Andreas is the only person I've seen proposing anything at all pragmatic
for the board to do. SNIP
What isn't pragmatic about Matthew's proposal? I don't think he suggests that the board does this themselves - maybe I misunderstood.
I like his proposal, that doesn't make it pragmatic, at least, not as pragmatic as what Andreas is always saying, harvest what's done, rather than making big plans for doing stuff that the past has shown rarely works out.
One of Squeaks big problems, IMHO, is that every version is planned and realised by someone grand idea of features that should be in the next version. More often than not, this is vaporware, work someone wants to do, or thinks can be done, but isn't done, so everyone waits and waits and waits for a new version.
I'd much rather see releases done by specific dates, like a release every 6 months, each release harvesting the latest fixes and patches of accomplished work. Make it easier to get new stuff integrated into the core by releasing regularly and often rather than these pie in the sky visions of what might be. Guaranteed steady gradual evolution and continual progress beats the hell out of revolutionary grand changes that might or might not actually happen.
I don't think the board should be following and picking. I don't think that works. The sub communities should be playing an active role in this and I think it should be the boards responsibility to:
Convince each community that it's worth doing
Find out and agree what needs to be done
Enable each community to work
- Remove barriers
- Define processes
- Resources: tools, email lists, servers, etc
Manage the overall progress and lend support where necessary
Zulq
Which is what they've been doing, it's not been working so well. The Squeak community wouldn't be splintered into so many fragments otherwise. The Pharo guys forked because it's the only way to get anything done, it takes too long to try and get anything real done in the core Squeak, progress is glacial, so everyone forks.

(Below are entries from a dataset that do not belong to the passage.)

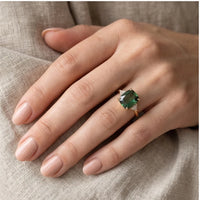 Model wearing 6 Vivienne Green Zirconia Gold Ring close-up - 3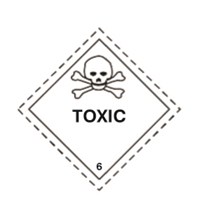 Toxic Class 6 Hazchem Diamond - Self Adhesive 100mm
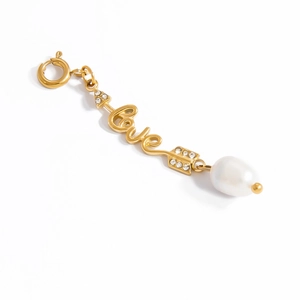 Golden Love charm with arrow and teardrop pearl detail for DIY bikini or jewelry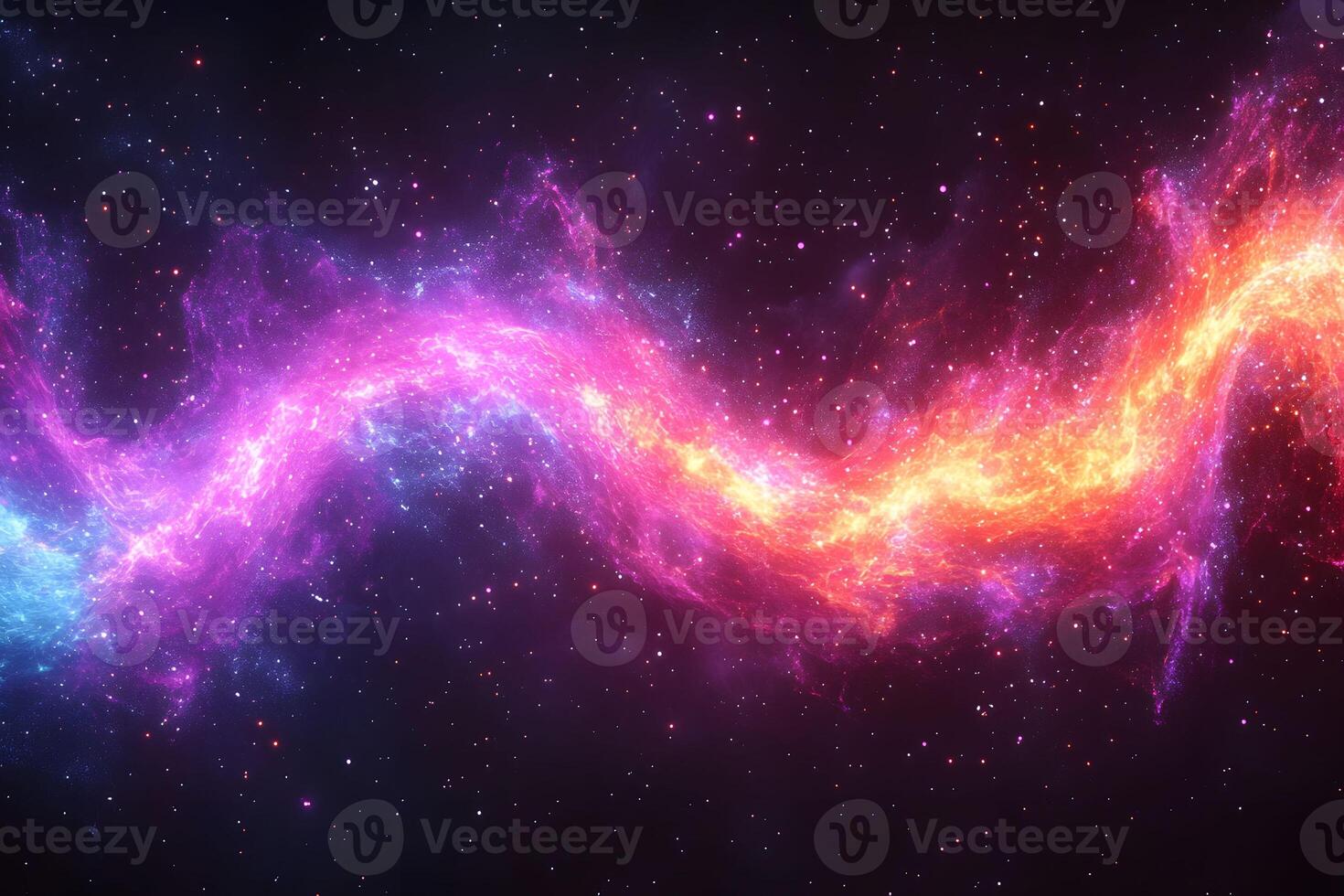 Cosmic Nebula Stream with Vibrant Colors and Twinkling Stars in Deep Space photo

Keith and Matthew are right, focus on packages and tools for sharing code, Andreas is right, focus on what's done, integrate it, make progress, stop the pie in the sky dreams of the ultimate system, or core kernel image, or whatever other pipe dream people keep chasing that clearly isn't being used by all the sub communities anyway.
I don't care what image I use, I care what packages I use. I care that my Collections package is the latest and greatest, or that my Seaside package is up to date, or that I'm using the newest FFI, or the right Polymorph. I don't care about eToys or Graphics or 3D or anything to do with educating kids. Packages are more important than images. The only thing I want from an image is that it isn't bloated with a bunch of unloadable code like eToys that infects everything and breaks everything when you try and remove it.

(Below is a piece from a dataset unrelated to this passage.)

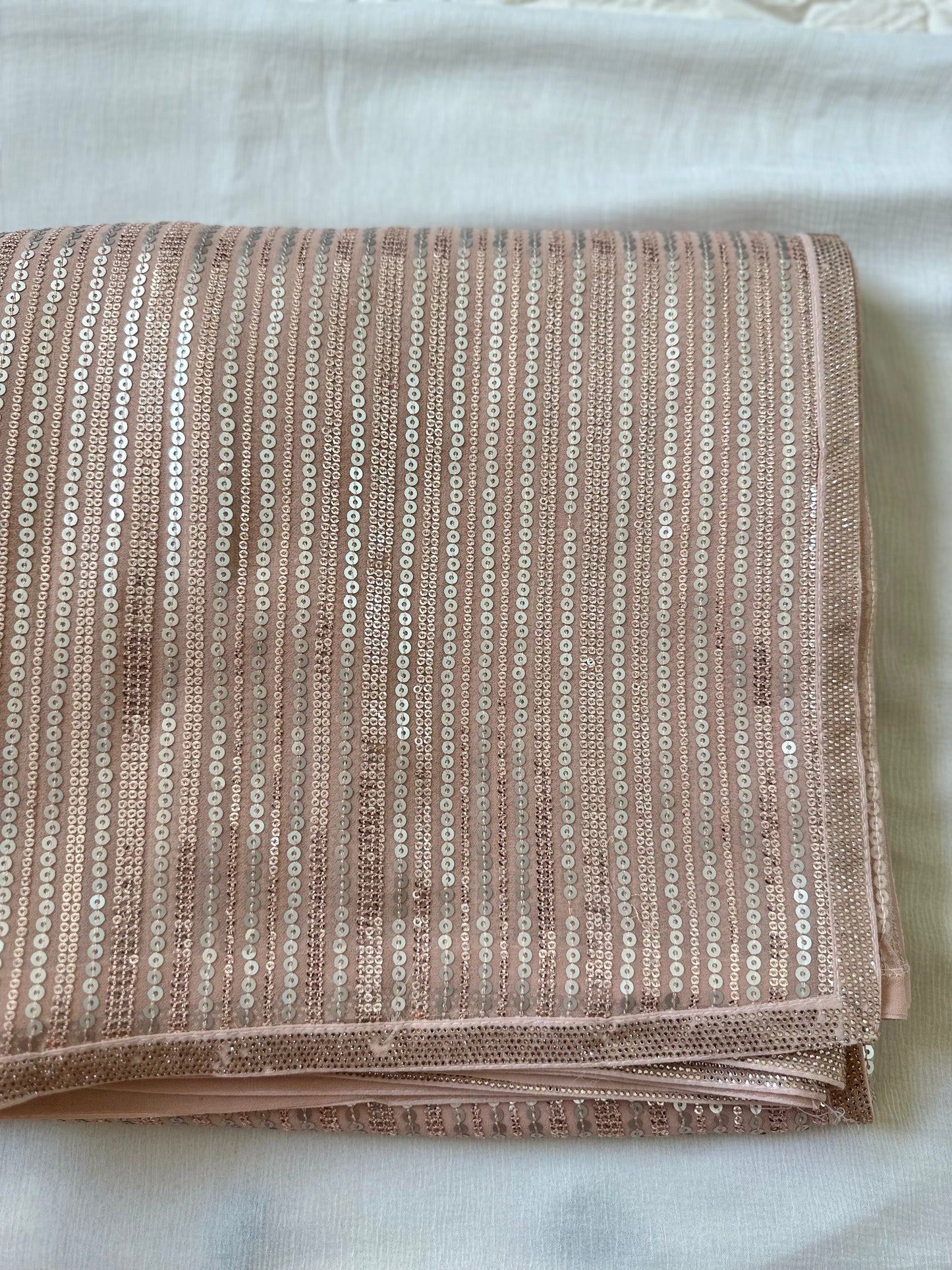 Pink Sequins Georgette Saree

Elliot is right about building images from scripts as well, I want to automate the builds of the images I use with a script to load onto a base image just the packages I want. Damien does this now with his dev images, a good starting point for me, then I use a script and Keiths installer to further load and customize it to my liking.
Anyway, now I'm just rambling, so I'll leave it at that. +1 for tools, Packages, and integrate what's done and get it out.
Ramon Leon http://onsmalltalk.com
On Sat, Feb 28, 2009 at 6:55 PM, Ramon Leon ramon.leon@allresnet.comwrote:
I was trying to guide the discussion back to Matthews proposal which I
agree with. I'm not suggesting they should adopt any image.
You misunderstand, I was agreeing with you, the comment about what was absurd wasn't in reply to you but to the previous suggestion that all these different forks could be convinced to come back to a core image; just isn't going to happen.
I think getting the various communities to buy in and commit to a vision of shared core packages should be the responsibility of the board. It should be in each communities interest to work on such an activity. This is where the real work will need to be done.
Again, I was agreeing with that position.
Andreas is the only person I've seen proposing anything at all pragmatic
for the board to do. SNIP
What isn't pragmatic about Matthew's proposal? I don't think he suggests that the board does this themselves - maybe I misunderstood.
I like his proposal, that doesn't make it pragmatic, at least, not as pragmatic as what Andreas is always saying, harvest what's done, rather than making big plans for doing stuff that the past has shown rarely works out.
One of Squeaks big problems, IMHO, is that every version is planned and realised by someone grand idea of features that should be in the next version. More often than not, this is vaporware, work someone wants to do, or thinks can be done, but isn't done, so everyone waits and waits and waits for a new version.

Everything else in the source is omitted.